When a customer agrees to pay the out-of-network fee to withdraw cash, “100% of that goes into our business bank account,” Butterton said. “That’s your profit, and it’s purely location-based: How many transactions per day is that machine receiving, and what is the surcharge fee that you set?”
He hasn’t had to profit-share with the businesses where he places ATMs because the arrangement already benefits the owner. For one, customers who withdraw cash often spend it immediately inside the establishment. The machine can also help businesses reduce credit card processing fees. In many cases, the host business only has to provide power; Butterton handles the cash loading, maintenance, and servicing.
Setting the fee takes some trial and error and depends on the location, he said. The goal is to find the highest possible price while still maximizing the number of transactions. If a machine gets the same 100 transactions at $3 as it did at $2, for example, then $2 was probably too low.
Butterton said he started at $2.50, but learned that around $3 is standard in his market.
His goal was to earn a roughly 10% monthly return on each machine. On a $3,000 ATM, that would mean bringing in about $300 a month in surcharge fees, or about 100 transactions at a $3 fee.
“If you have good locations, that’s a very achievable number,” he said.
Where to place an ATM
According to Butterton, location is the most important factor in whether an ATM will turn a profit.
First and foremost, he targets cash-only businesses. Next, he’ll look for businesses where customers are more likely to use cash, including barbershops, convenience stores, and nail salons. Businesses where tips are common can also be attractive because customers may need cash on the spot.
In Washington state, where he’s located, cannabis dispensaries are some of the most profitable ATM locations, but they’re also among the hardest to break into. If you land one, expect to share profits, he added: “If you want a high-profile location like a dispensary, you are going to have to offer more than the other people that are already profit-sharing. There’s like a 0% chance you’ll get into a location like that without splitting the money.”
Regardless of where you place your machine, you’ll want to draft a contract with the business. It matters for day-to-day operations and for the long-term value of the business. He said that if he ever wanted to sell his ATM route, having contracts in place would make his business more attractive to a buyer.

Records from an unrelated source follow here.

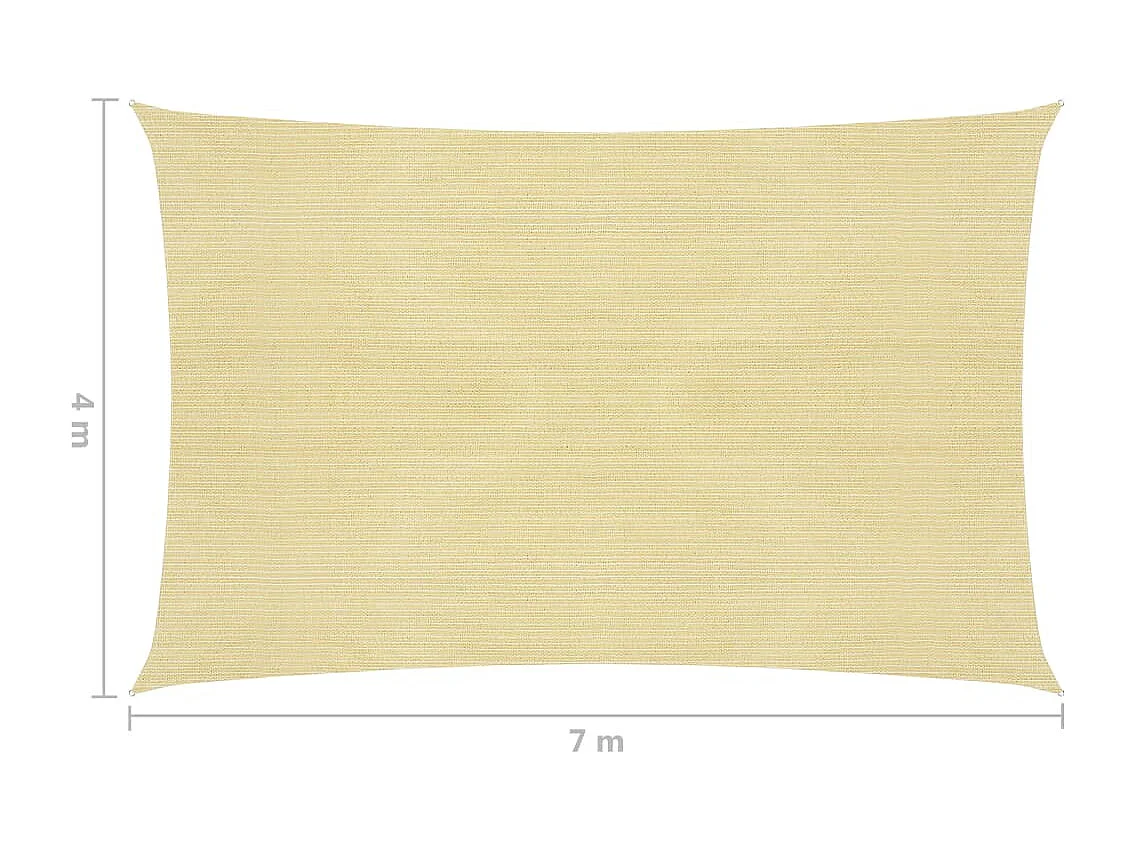 Sonnensegel 160 g/m² Beige 4x7 m HDPE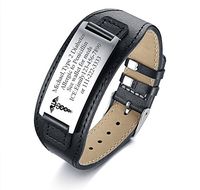 VNOX Customize Medical Symbol Wide Genuine Leather Stainless Steel Adjustable Bracelet Wristband for Men Women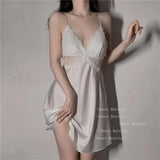 Sexy Lace short Pajama Dress women Satin short dress ladies V neck dress White mini dress Summer vestidos dress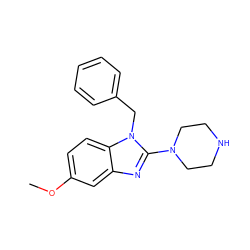 COc1ccc2c(c1)nc(N1CCNCC1)n2Cc1ccccc1 ZINC000013761043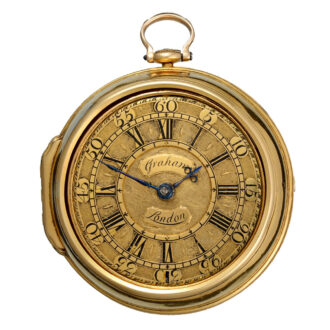 An verge by George Graham with gold champleve dial Circa 1724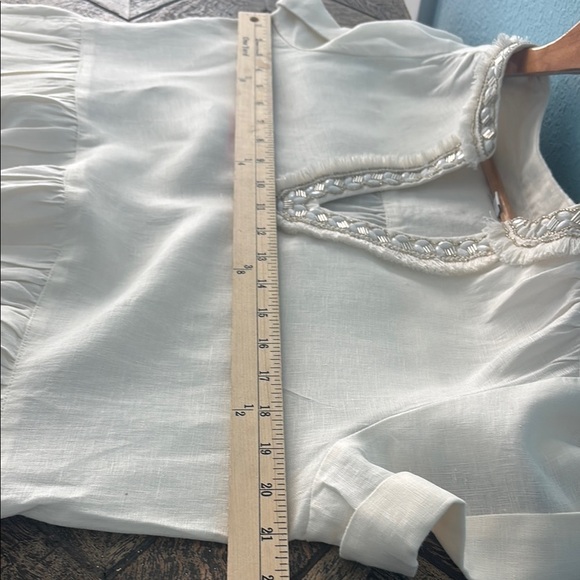 Chico's Ivory Tiered Dress with Beaded Neckline - Picture 8 of 13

He found a contract template online, revised it, and had a lawyer review it. His standard contract states that Viking Vendors will serve as the business’s ATM provider for two years, but either party can cancel with 30 days’ notice. It also spells out who is responsible for what.

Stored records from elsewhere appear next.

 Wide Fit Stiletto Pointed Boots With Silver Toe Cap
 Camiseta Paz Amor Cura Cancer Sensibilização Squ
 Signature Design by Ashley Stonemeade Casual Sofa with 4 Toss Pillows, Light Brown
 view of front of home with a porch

The overlooked challenges: theft and insurance
Once the machines are up and running, the work is passive — he spends about an hour a week on the business — and operating costs are low.
However, theft and vandalism can eat into profit margins. Butterton said he struggled to find affordable insurance early on. The coverage he initially found cost about $2,500 a year, which was hard to justify when he had only two machines. He said he has since found cheaper insurance, and because the cost is about the same whether he covers two machines or 10, it becomes easier to absorb as the business scales.

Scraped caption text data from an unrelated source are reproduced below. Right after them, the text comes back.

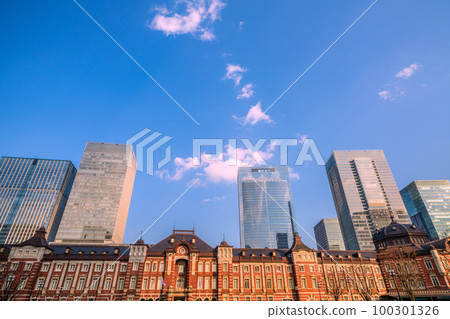 Tokyo cityscape in Japan Looking at Tokyo Midtown Yaesu and Tokyo Station red brick station building opened today = March 10 Tokyo cityscape in Japan Looking at Tokyo Midtown Yaesu and Tokyo Station red brick station building opened today = March 10 100301326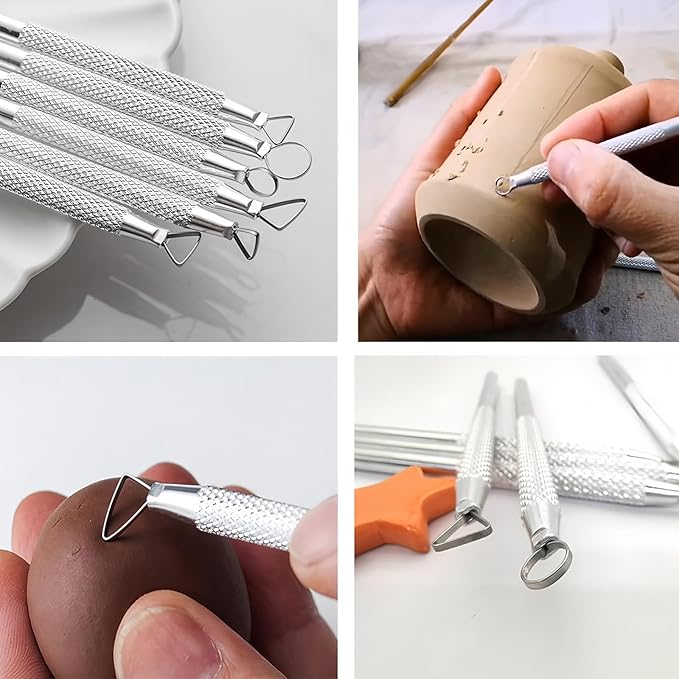 DIYOOHOMY Pottery Carving Tools, Clay Sculpting Tools with Pottery Ribs Needle Wire Cutter for Polymer Sculpting, Modeling, Shaping, Trimming, Cutting, Air Dry Clay, Ceramic DIY Crafts Supplies (11)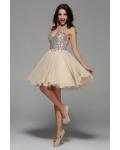 Knee Length Beading V Neck Champagne Chiffon A-line Prom Dress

In four years of business, he’s had one ATM stolen. It was eventually found empty on the side of the highway, and, while it wasn’t functional, he was able to sell some of the parts.
“When that happens, it’s a setback, and it might knock you off the track that you were on for a little bit, but if everything is set up correctly, you recover,” he said. “That’s part of the business. You have to assume that that’s going to happen at some point.”